In many ways, the American Revolution introduced natural rights principles of liberty and equality that eroded the institution of slavery in the new republic. After 1776, several northern states, some of which had a considerable percentage of slaves, either freed their slaves outright or started gradual emancipation schemes. In 1782, Virginia allowed slave owners to manumit (voluntarily emancipate) their slaves, and thousands were freed. In 1787, Congress passed the Northwest Ordinance, which banned slavery in the new states north of the Ohio River that were created out of the Northwest Territory.

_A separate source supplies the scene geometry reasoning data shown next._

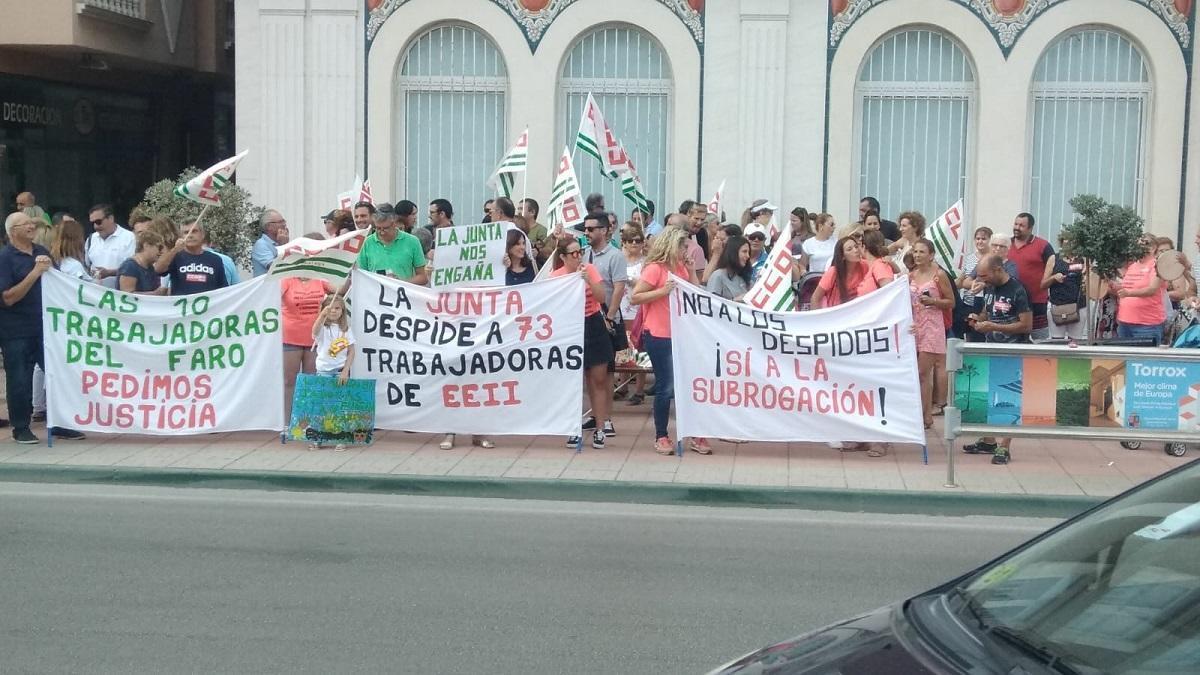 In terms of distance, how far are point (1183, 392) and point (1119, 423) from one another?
0.49 metres

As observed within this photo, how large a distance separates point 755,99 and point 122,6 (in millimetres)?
8977

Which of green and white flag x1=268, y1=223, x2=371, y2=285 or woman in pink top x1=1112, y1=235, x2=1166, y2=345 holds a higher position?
green and white flag x1=268, y1=223, x2=371, y2=285

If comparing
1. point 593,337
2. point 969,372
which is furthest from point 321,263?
point 969,372

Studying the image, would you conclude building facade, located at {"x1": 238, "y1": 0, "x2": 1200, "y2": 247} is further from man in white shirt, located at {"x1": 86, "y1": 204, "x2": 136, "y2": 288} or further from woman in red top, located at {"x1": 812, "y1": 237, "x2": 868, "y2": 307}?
woman in red top, located at {"x1": 812, "y1": 237, "x2": 868, "y2": 307}

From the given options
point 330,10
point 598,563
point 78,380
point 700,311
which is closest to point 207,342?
point 78,380

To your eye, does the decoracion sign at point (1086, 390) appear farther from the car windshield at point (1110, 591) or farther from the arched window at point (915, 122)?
the arched window at point (915, 122)

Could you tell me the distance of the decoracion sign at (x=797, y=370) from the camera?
437 inches

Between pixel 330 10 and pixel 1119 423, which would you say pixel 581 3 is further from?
pixel 1119 423

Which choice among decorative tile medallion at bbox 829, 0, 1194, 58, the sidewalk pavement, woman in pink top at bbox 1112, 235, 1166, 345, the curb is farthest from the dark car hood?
decorative tile medallion at bbox 829, 0, 1194, 58

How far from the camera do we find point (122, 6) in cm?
2016

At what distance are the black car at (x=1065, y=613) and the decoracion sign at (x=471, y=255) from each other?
8.88m

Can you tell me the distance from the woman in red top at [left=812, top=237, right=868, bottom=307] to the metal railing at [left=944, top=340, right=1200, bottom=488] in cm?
179

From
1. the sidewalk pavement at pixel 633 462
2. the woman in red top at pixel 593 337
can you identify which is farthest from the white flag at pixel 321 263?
the woman in red top at pixel 593 337

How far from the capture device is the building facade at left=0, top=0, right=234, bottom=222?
19547 millimetres
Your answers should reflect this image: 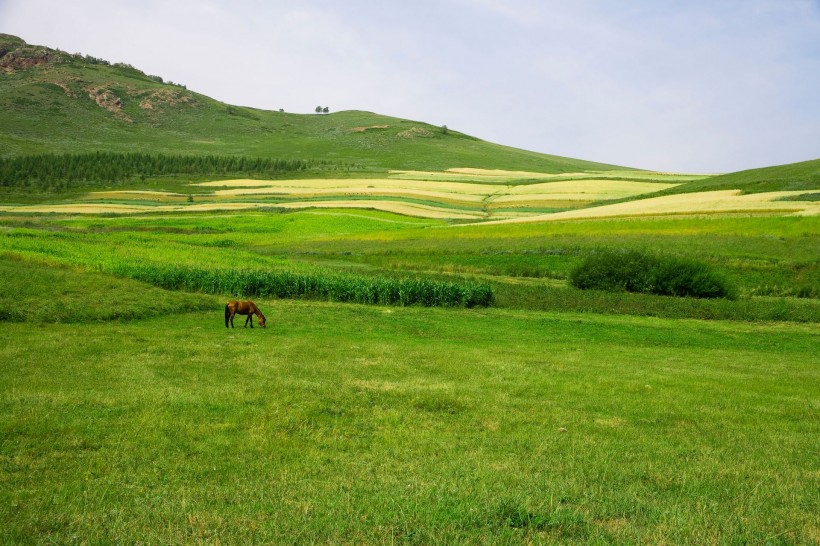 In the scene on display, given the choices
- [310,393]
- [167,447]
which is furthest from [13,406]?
[310,393]

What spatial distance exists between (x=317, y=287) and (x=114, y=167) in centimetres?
12729

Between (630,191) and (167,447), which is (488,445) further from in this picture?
(630,191)

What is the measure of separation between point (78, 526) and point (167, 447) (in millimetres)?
3174

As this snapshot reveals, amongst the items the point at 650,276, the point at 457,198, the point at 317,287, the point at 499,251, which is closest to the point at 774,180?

Benjamin Franklin was in his eighties when the new constitutional government first met. He was a renowned scientist and statesman who had achieved fame throughout the Western World as a man of the Enlightenment. He had fought for the liberties, independence, and nationhood of Americans for decades, and supported universal principles in an age of reason. Although he had held a few African servants over the years, he was an advocate of human liberty and came to see slavery as a great moral evil. He dedicated the end of his life to eradicating the institution in the United States. He was joined by a few Quakers, who were compelled by their religious principles, in the cause of justice and humanity for the over 690,000 African slaves living in the new nation who were denied their equal right to life, liberty, and the pursuit of happiness.

NARRATIVE

On February 11, 1790, two Quakers entered the House of Representatives, which was then meeting in New York. They respectfully submitted a petition to the government for a redress of rights. This was a traditional practice reaching far back into English constitutional history. The content of the petition, however, sparked a fierce debate on the floor of the First Congress. The people who signed the petition were calling on the federal government to ban the African slave trade.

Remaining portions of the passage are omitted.